Hedge funds utilizing a global macro investing strategy take sizable positions in share, bond or currency markets in anticipation of global macroeconomic events in order to generate a risk-adjusted return. Many global macro funds have been benefiting, more than most, from the escalation of the eurozone sovereign debt crisis in recent months while most equity hedge funds, the most common type of strategy today, which invest in stocks that are undervalued and short-sell stocks that are overvalued, were aided from the strong equity rally at the start of the year but have since been held back by the same European debt troubles that are now advancing the recovery of macro strategies.

“Historically, during periods of significant market volatility with large down moves, macro has done a very good job of delivering positive to flat returns,” said Parsonson. “With macro headlines driving risks in markets, there is a strong case for allocations to the strategy to help diversify these risks for many investors.”

HFR’s HFRI Macro Index posted gains of 1.7% in May while the HFRI Equity Hedge Index saw falls of -4.1% in the same month, but both strategies, year-to-date, have performed remarkably similarly despite taking different routes to their gains. The HFRI Macro Index is up 1.9% year-to-date, while the HFRI Equity Hedge Index has risen 1.8% in the same period. Event-driven strategies, meanwhile, declined by -1.4% in May, paring year-to-date gains to 3.1%.

“We’ve seen mixed performance from strategies this year,” said Parsonson. “Event-driven and equity hedge did very well in the early months of the year—when equities were doing relatively well—until recently. May wasn’t a great month as volatility resurfaced. One of big drivers for equity strategies was because last year’s correlation was so high. That correlation broke down earlier in the year and the equity guys who focus on those markets were able to realize a lot of value through the increase in dispersion because valuations had become distorted.

“In contrast, macro strategies generally underperformed earlier in the year but have gained some return in the second quarter volatility.

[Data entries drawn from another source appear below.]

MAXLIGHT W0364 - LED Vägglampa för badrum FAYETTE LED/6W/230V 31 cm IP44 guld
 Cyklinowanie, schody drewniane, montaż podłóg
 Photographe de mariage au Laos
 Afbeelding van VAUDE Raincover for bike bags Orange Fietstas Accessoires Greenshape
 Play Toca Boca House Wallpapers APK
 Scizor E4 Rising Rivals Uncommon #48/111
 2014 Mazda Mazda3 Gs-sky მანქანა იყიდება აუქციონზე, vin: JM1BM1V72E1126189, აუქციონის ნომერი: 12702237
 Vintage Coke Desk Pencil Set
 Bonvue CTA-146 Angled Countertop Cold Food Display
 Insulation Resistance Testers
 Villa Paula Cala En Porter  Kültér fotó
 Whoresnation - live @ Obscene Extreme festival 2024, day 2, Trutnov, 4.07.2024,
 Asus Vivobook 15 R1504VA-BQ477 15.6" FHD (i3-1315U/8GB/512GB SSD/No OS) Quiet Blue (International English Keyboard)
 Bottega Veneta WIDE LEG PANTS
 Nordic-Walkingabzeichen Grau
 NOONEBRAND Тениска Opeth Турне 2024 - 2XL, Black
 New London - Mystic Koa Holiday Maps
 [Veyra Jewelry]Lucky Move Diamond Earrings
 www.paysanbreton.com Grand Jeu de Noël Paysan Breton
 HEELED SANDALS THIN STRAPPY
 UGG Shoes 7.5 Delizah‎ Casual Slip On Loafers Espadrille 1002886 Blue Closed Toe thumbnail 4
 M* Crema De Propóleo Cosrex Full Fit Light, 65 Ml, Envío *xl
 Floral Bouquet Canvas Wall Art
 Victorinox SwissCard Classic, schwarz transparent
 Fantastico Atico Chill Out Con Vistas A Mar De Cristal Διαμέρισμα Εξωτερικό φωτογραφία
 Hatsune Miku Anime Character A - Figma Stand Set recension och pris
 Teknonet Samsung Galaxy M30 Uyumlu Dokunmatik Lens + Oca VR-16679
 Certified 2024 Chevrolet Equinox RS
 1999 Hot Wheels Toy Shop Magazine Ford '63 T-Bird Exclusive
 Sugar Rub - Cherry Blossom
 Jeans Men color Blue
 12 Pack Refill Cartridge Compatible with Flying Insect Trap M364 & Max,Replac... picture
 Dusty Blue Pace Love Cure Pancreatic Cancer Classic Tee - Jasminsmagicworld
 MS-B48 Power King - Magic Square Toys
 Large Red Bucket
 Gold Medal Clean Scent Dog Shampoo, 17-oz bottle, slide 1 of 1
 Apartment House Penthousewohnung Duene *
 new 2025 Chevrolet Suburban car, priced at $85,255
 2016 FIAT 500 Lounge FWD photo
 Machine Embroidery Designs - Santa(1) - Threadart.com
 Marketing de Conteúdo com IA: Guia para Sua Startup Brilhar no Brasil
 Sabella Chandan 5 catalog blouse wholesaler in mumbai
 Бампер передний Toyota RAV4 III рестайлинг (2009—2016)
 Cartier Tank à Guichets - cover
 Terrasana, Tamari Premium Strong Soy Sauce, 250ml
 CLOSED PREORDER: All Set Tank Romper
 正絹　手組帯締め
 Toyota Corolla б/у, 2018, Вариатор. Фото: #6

This is in line with expectations versus their broad risk profile.”

Overall, the HFRI Fund Weighted Composite Index posted a loss of -1.6% in May, to add to its monthly declines in March and April—with year-to-date gains reduced to just 2.5% across all main strategies globally—after hedge funds had begun the year brightly, posting their best start to a calendar year since 2000.

“During the volatile month of May, investors reacted to increased European bank and sovereign bond risk and weakening U.S. economic data by aggressively moving portfolios toward less risky exposures,” said Kenneth J Heinz, president of HFR.

“This risk-off response adversely impacted certain areas of equity-sensitive hedge fund exposures, while benefitting strategies tactically positioned to insulate portfolios and produce gains resulting from the strong trends and volatile environment which materialized. In the current environment, at some level, every hedge fund is a macro fund.”